2) Yes. Cuddy is liable for damages to Gilchrist.
Ratio:
Although the defendants did not, at the time their contract was made, know the identity
of the plaintiff as the person holding the prior contract but did know of the existence of a
contract in favor of someone. In the case at bar the only motive for the interference with
the Gilchrist - Cuddy contract on the part of the appellants was a desire to make a profit
by exhibiting the film in their theater. There was no malice beyond this desire; but this
fact does not relieve them of the legal liability for interfering with that contract and
causing its breach. It is, therefore, clear, under the above authorities, that they were
liable to Gilchrist for the damages caused by their acts, unless they are relieved from
such liability by reason of the fact that they did not know at the time the identity of the
original lessee (Gilchrist) of the film.
Article 1902 of that code provides that a person who, by act or omission, causes
damages to another when there is fault or negligence, shall be obliged to repair
the damage do done. There is nothing in this article which requires as a condition
precedent to the liability of a tort-feasor that he must know the identity of a
person to whom he causes damages. In fact, the chapter wherein this article is
found clearly shows that no such knowledge is required in order that the injured
party may recover for the damage suffered.

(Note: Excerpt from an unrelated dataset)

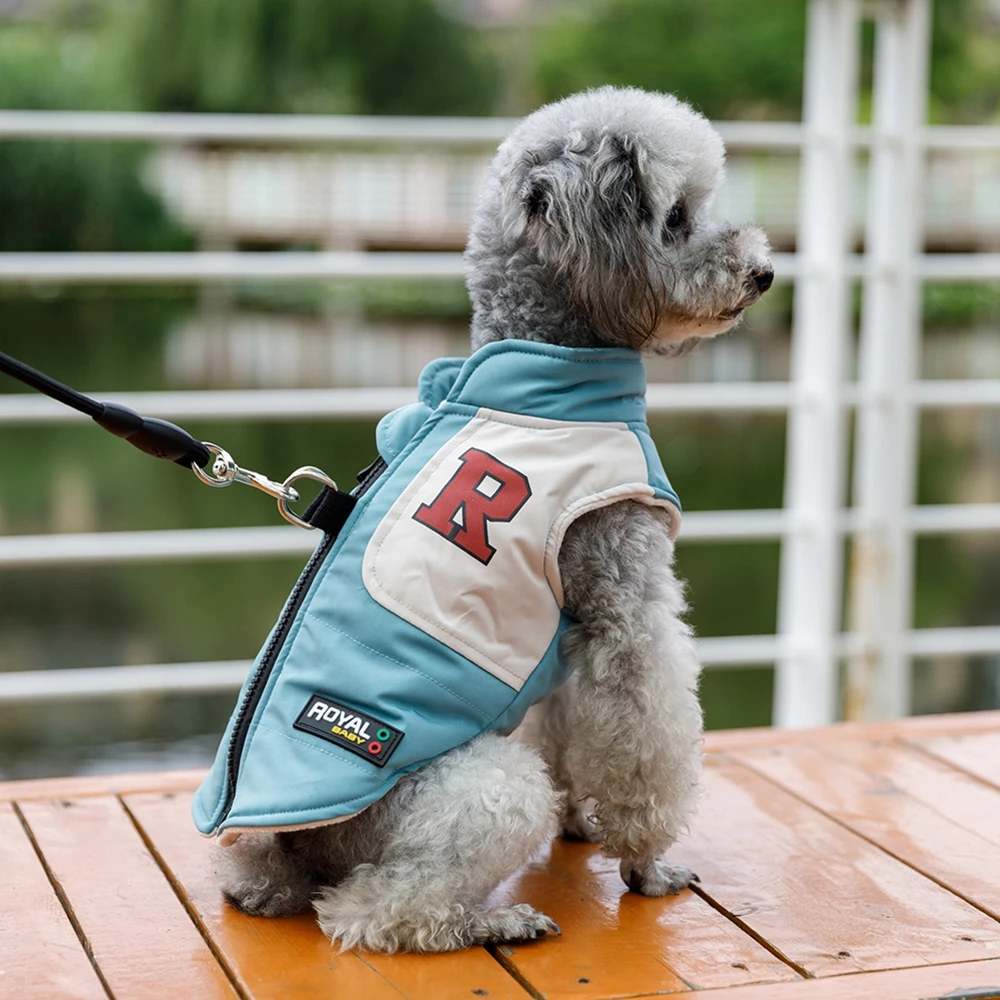 Chaqueta impermeable con arnés y correa para perro, ropa cálida de invierno para perros pequeños y medianos, abrigo para Chihuahua, traje de Bulldog Francés - imagen 3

One who buys something which he knows has been sold to some other person can be
restrained from using that thing to the prejudice of the person having the prior and better
right.
Chief Justice Wells:"Everyone has a right to enjoy the fruits and advantages of
his own enterprise, industry, skill and credit. He has no right to be free from
malicious and wanton interference, disturbance or annoyance. If disturbance or
loss comes as a result of competition or the exercise of like rights by others, it is
damnum absque injuria, unless some superior right by contract or otherwise is
interfered with
"One who wrongfully interferes in a contract between others, and, for the purpose
of gain to himself induces one of the parties to break it, is liable to the party
injured thereby; and his continued interference may be ground for an injunction
where the injuries resulting will be irreparable."